------ Entries provided

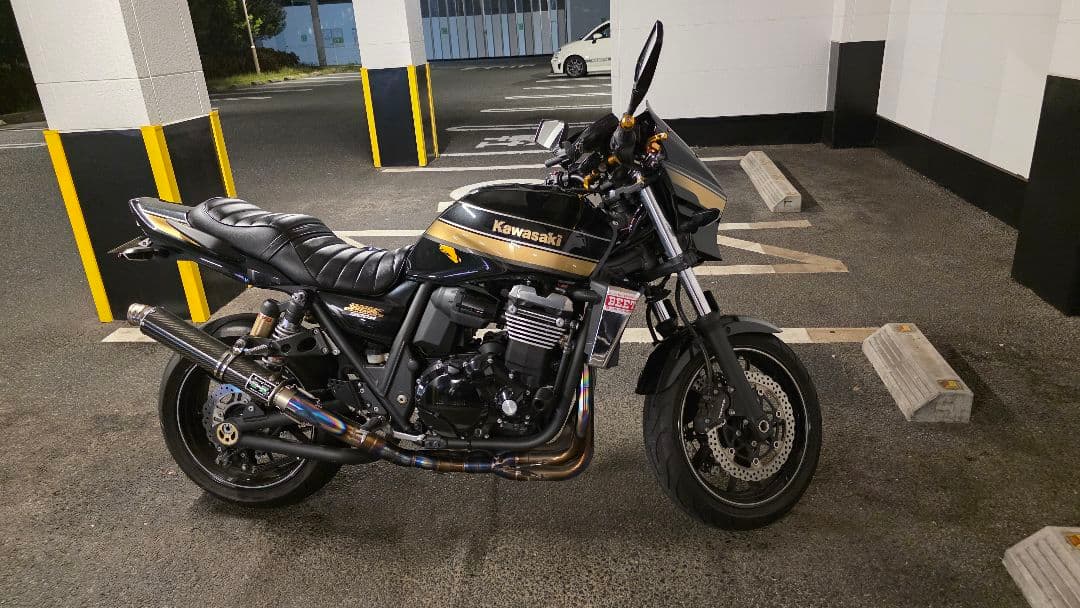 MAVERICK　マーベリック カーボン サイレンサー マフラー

------------
------ Entries provided

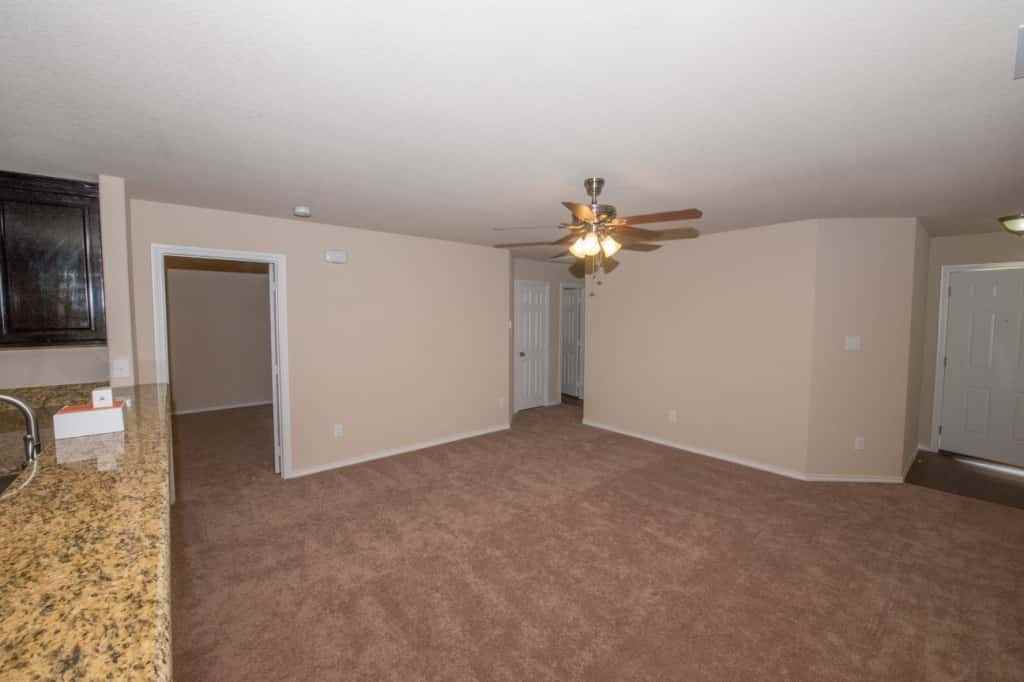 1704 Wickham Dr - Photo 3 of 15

------------
------ Entries provided

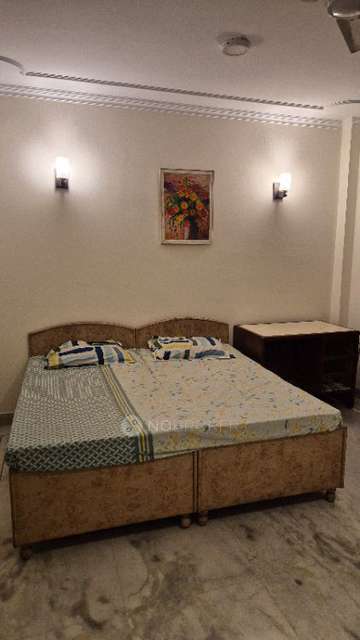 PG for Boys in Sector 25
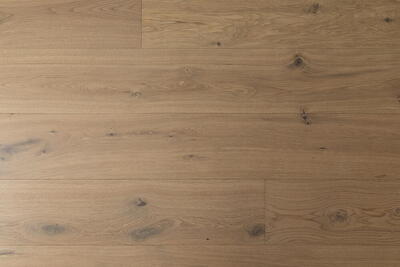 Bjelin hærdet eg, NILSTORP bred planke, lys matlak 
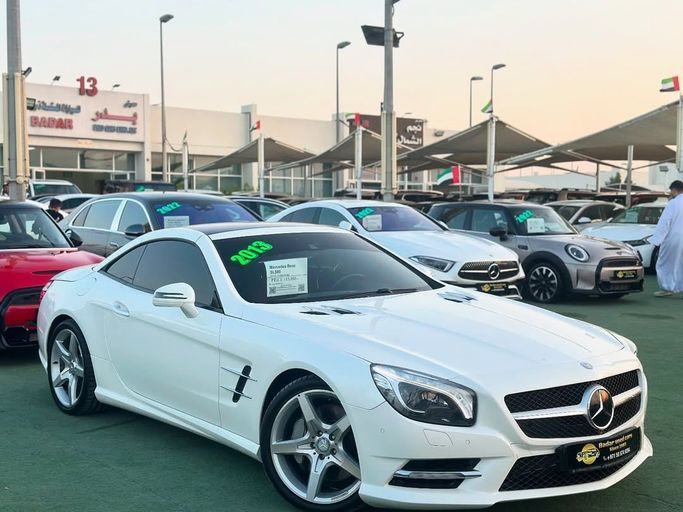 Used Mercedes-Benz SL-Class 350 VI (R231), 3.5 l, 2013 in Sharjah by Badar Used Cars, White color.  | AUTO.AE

------------

For this task, return exactly the stretch of the listing above from the line with "PG for Boys in Sector 25" through the line with "Used Mercedes-Benz SL-Class", inclusive and without pictures.

■ Result of the exercise
 PG for Boys in Sector 25
 Bjelin hærdet eg, NILSTORP bred planke, lys matlak 
 Used Mercedes-Benz SL-Class 350 VI (R231), 3.5 l, 2013 in Sharjah by Badar Used Cars, White color.  | AUTO.AE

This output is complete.